Photo via Sustainable NY
Call it the seedy underbelly of green business--reports have been surfacing that solar power companies who start projects without agreeing to hire unionized labor are finding themselves in a suspicious bit of trouble. They're suddenly buried under legal demands to ensure the project won't interfere with dozens of different species, face hostile testimony at public hearings, and are forced to conduct lengthy, barely relevant environmental studies. The companies are facing a seemingly simple choice: hire union, or go greener than humanly possible. They're getting greenmailed. How Greenmailing Works
Now, on the surface, requesting that a company conduct environmental surveys before proceeding with a project seems like a pretty straightforwardly good idea. But we all know there can be too much of a good thing.
Evidently, by overloading companies with unnecessary environmental study requests, the unions can make life miserable for just about any company. Any company, that is, except the ones that go ahead and hire unionized labor. Unions can evidently slow progress on a solar project to a halt, and make going ahead much more expensive--sometimes by up to a staggering 20%.
The New York Times gets a quote that seems to sum up the entire phenomenon:
"These environmental challenges are the unions' major tactic to maintain their share of industrial construction — we call it greenmail," said Kevin Dayton, state government affairs director for the Associated Builders and Contractors of California. "The future of solar energy is jeopardized by these unions holding up construction."
A Case of Greenmailing?
Consider the following cases (from the Times:)

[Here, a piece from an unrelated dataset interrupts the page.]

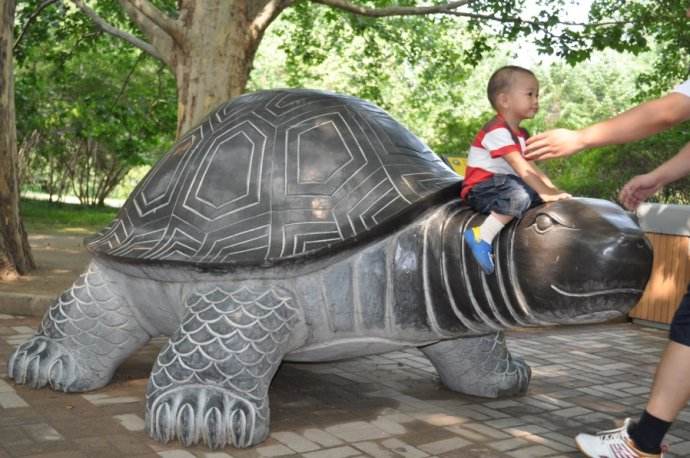 宠物医生无意间说出了多年秘密，养龟族速看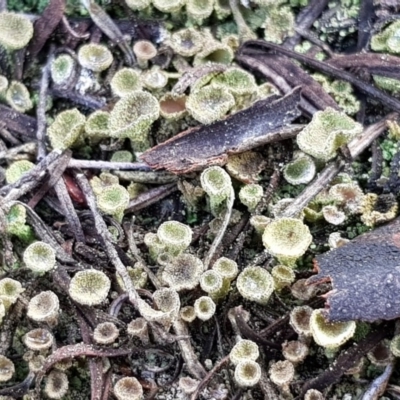 Cladonia sp. (genus) (Cup Lichen) at Black Flat at Corrowong - 2 Sep 2018 by BlackFlat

When a company called Ausra filed plans for a big solar power plant in California, it was deluged with demands from a union group that it study the effect on creatures like the short-nosed kangaroo rat and the ferruginous hawk.

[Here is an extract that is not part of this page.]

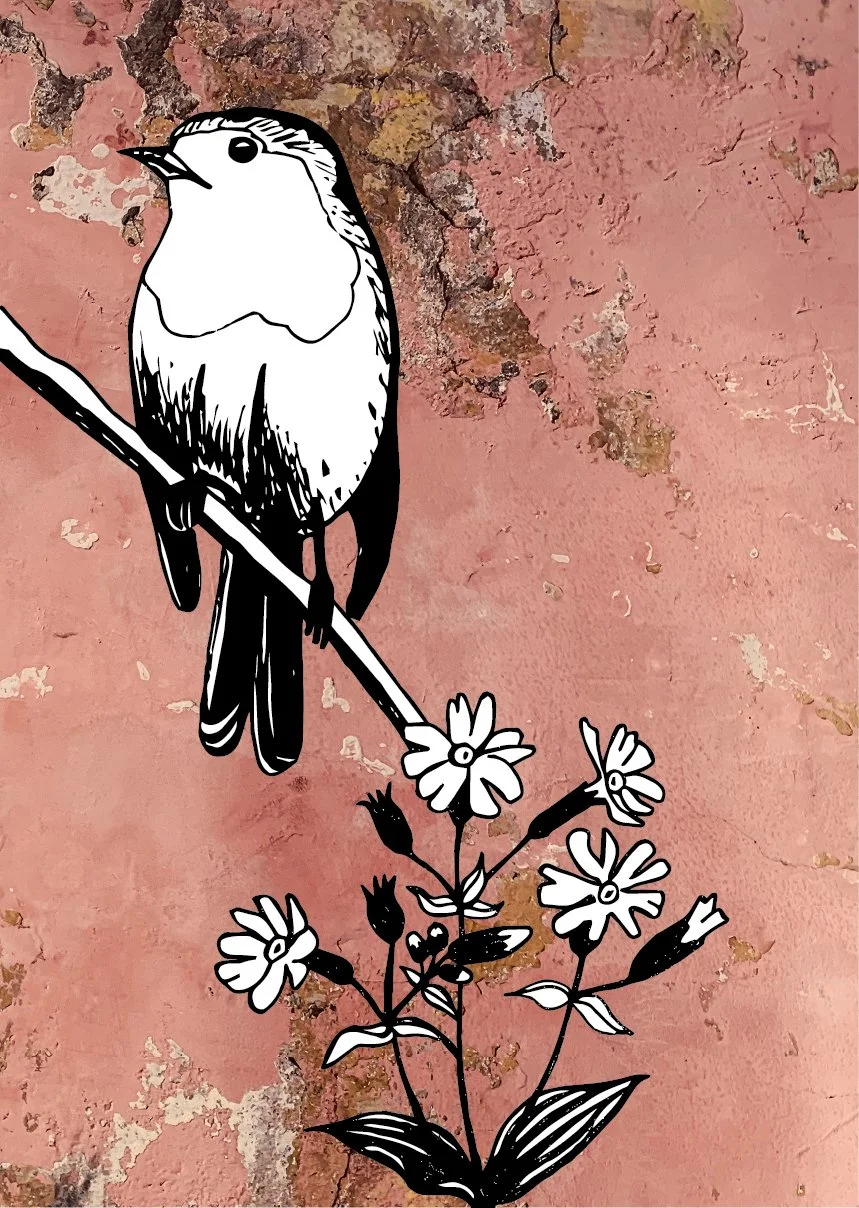 Robin & Red Campion Flat Image.jpg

Interesting. Let's look at another:
By contrast, when a competitor, BrightSource Energy, filed plans for an even bigger solar plant that would affect the imperiled desert tortoise, the same union group, California Unions for Reliable Energy, raised no complaint. Instead, it urged regulators to approve the project as quickly as possible.

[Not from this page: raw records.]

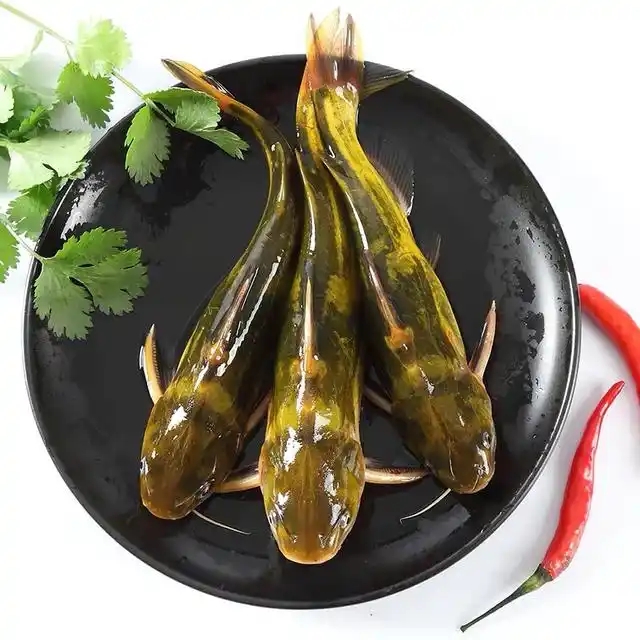 鲜活嘎鱼 黄辣丁500g/份（约3-5条）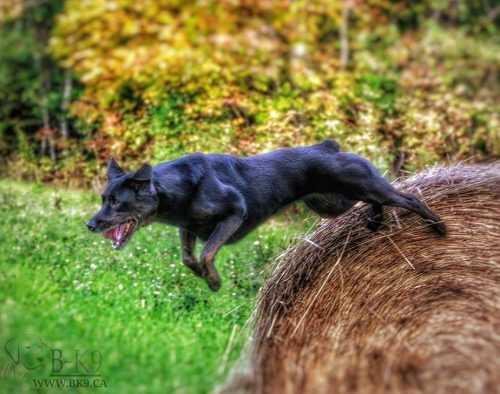 Roxie: BEST K9s Demo Dog-Labrador Rottweiler cross. 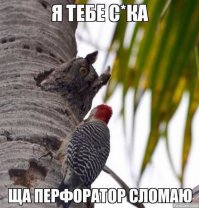 а есть еще сосед-сверло)) и очень уж любит по выходным.как говорится:есть предположение,что в выходные стены мягче)))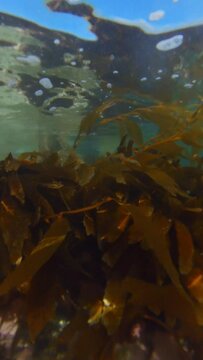Alga marina siguiendo el movimiento de las olas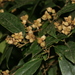 Sycopsis sinensis - Photo (c) Vivian Li, όλα τα δικαιώματα διατηρούνται, uploaded by Vivian Li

Can anyone guess what the difference between the two was? Yup. BrightSource hired union workers.
Or do the Unions Just Really Care about the Environment?
Unions contend that there's no foul play afoot--they just really care about the environment.
Union leaders acknowledge that they make aggressive use of the environmental laws, but say they do it out of genuine concern for the sustainability of California's power industry, not just as a negotiating tactic.
"We've been tarred and feathered more than once on this issue," said Marc Joseph, a lawyer for California Unions for Reliable Energy. "We don't walk away from environmental issues."
However, others--some key government officials--can't help but see something a little fishy at play:
"This does stress the limits of credibility to some extent," the California energy commissioner, Jeffrey Byron, said at one contentious hearing, "when an attorney representing a labor union is so focused on the potential impact of a solar power plant on birds."
The unions can't be blamed or wanting to get in on the green jobs surge--after all, membership is declining and their ranks are getting older. Getting a solid position on green jobs would be huge in guaranteeing a next generation for the labor unions. But strong-arm tactics--if they are being used--are not only unproductive to perfectly legit companies trying to get projects off the ground, but they're setting back California's clean energy economy in a big way.
In other words, greenmailing has got to stop.